What if a product provided immense utility, time or labor savings, etc., and you could only charge the standard markup over cost? This would be a major disincentive for inventing anything new and better; why would you spend all that R&D money? Your benefit for your innovation would be limited to your standard markup (but you'd probably get everyone buying your thing instead of the other).

If you can > There was a day when companies priced their products on a fair markup.

Reply to
Daniel H

Quit whining- If you want compensation for your ummm... severe? gouging, take a look at how much less you pay for prescription drugs. Or go buy your stuff from one of the other suppliers.

Reply to
Prometheus

I'll stop you there. I don't expect Lee Valley to return to that type of pricing. It not realistic in today's competitive marketplace. I was just annoyed when I made that statement. But the point I made about competitive pricing eating thousands of tons of trees in order to feed the marketplace almost daily PHONEY sales flyers in our newspapers and mailboxes was valid.

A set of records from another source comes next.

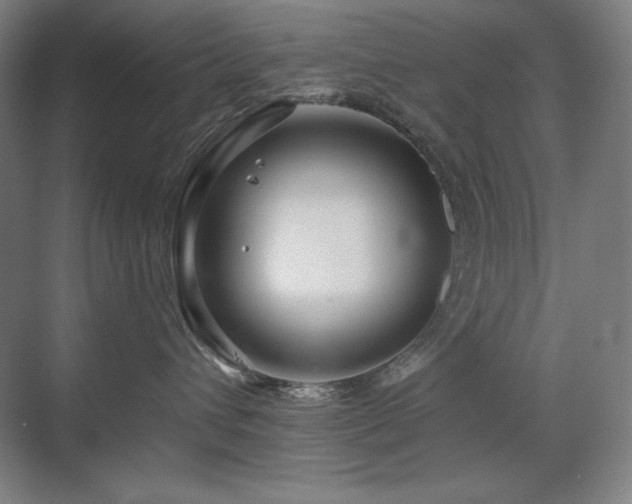 X0000070220432200605261323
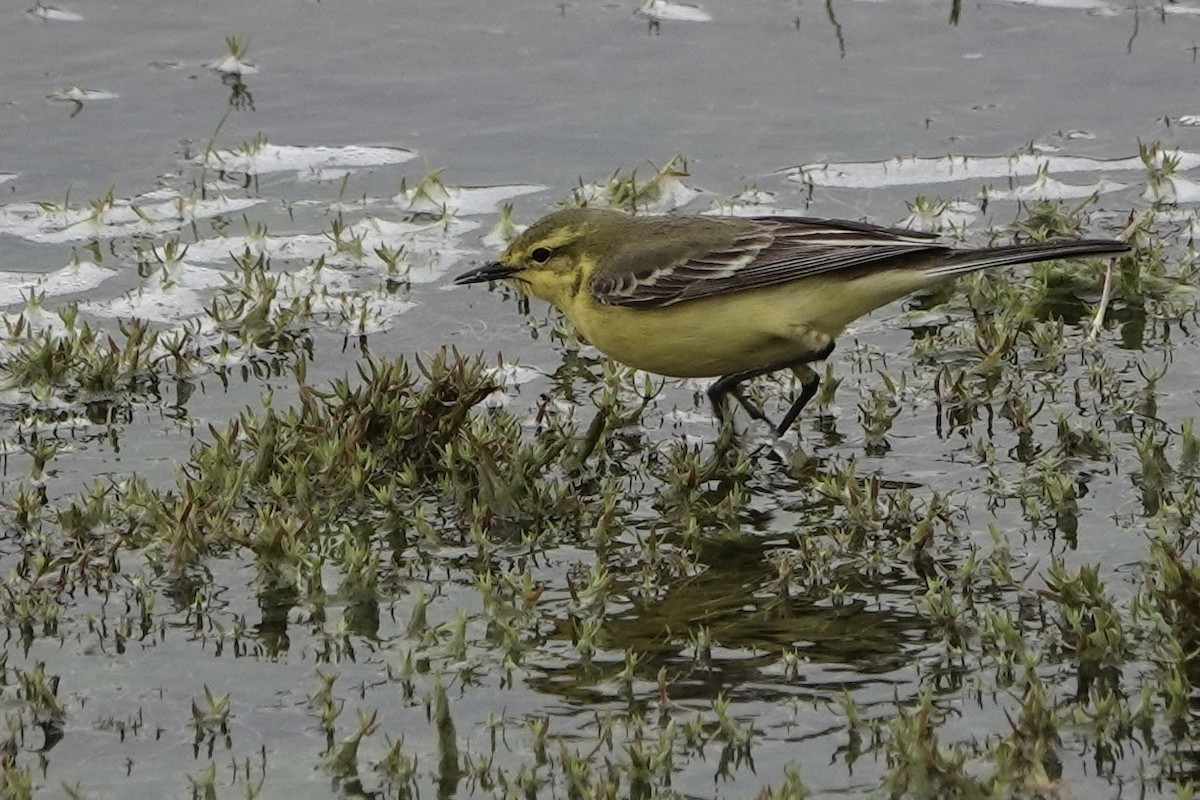 Western Yellow Wagtail - David Oulsnam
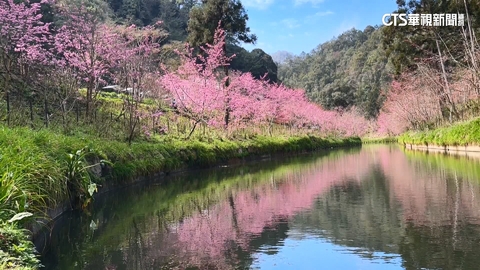 【台語新聞】杉林溪櫻花盛開!花瓣倒映水面 「櫻花河」超浪漫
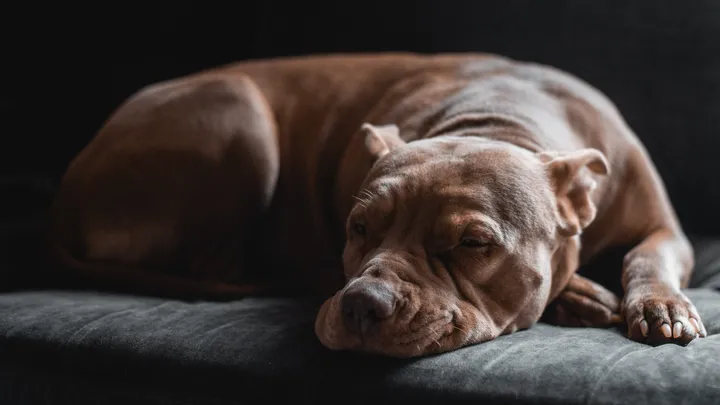 Esta pitbull se recusou a deixar o abrigo sem seu amigo chihuahua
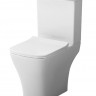 Унитаз-компакт Damixa Titan DX78C8600SC безободковый с микролифтом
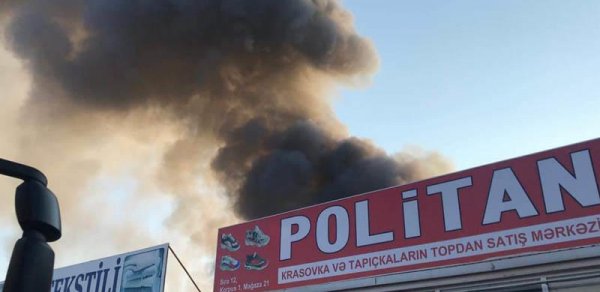 SOSİAL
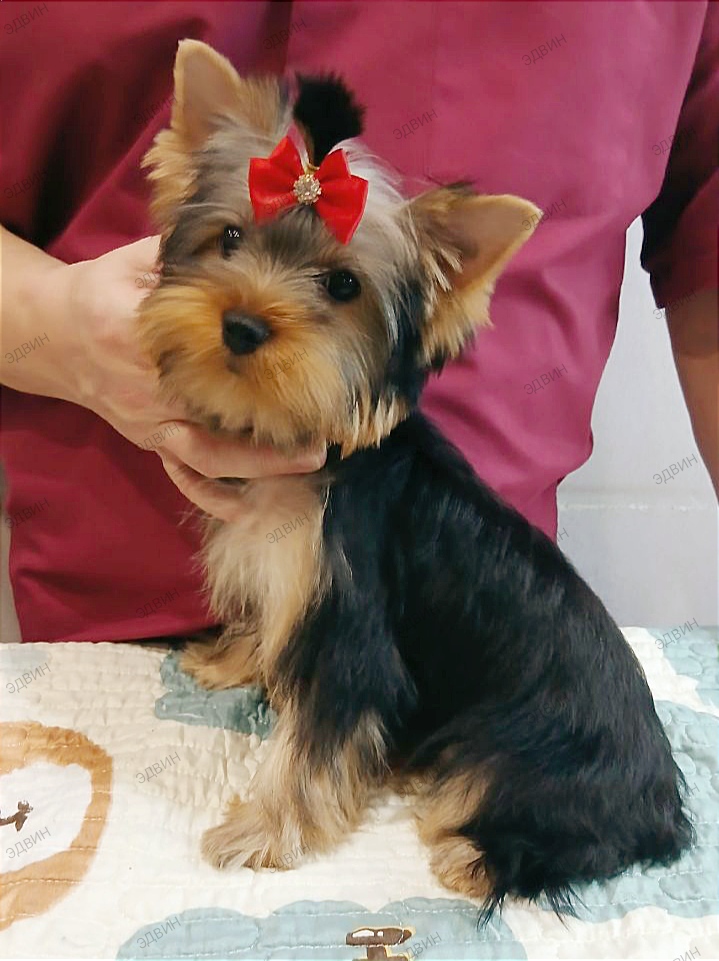 EDVIN D'LUX EXCLUSIVE &mdash; Labaza DogPedigree YorkshireTerrier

My annoyance with Lee Valley rests with every year seeing Americans paying less for the same product I buy. Many of those MADE IN CANADA! Robin has admitted that because the competitive marketplace in the US demands it he must give his American customers a better deal.

Well I don't have to like it and will continue to say so.

Reply to
Robert

Sorry, my original 'whining' post was ON topic for this news group by virtue of Robin Lee's participation here. Now that this has become a flame war rather than a rational discussion of the facts, every post is on topic. Even your lame assed post.

Reply to
Robert

No, it's what I was told on the phone by the PA dude.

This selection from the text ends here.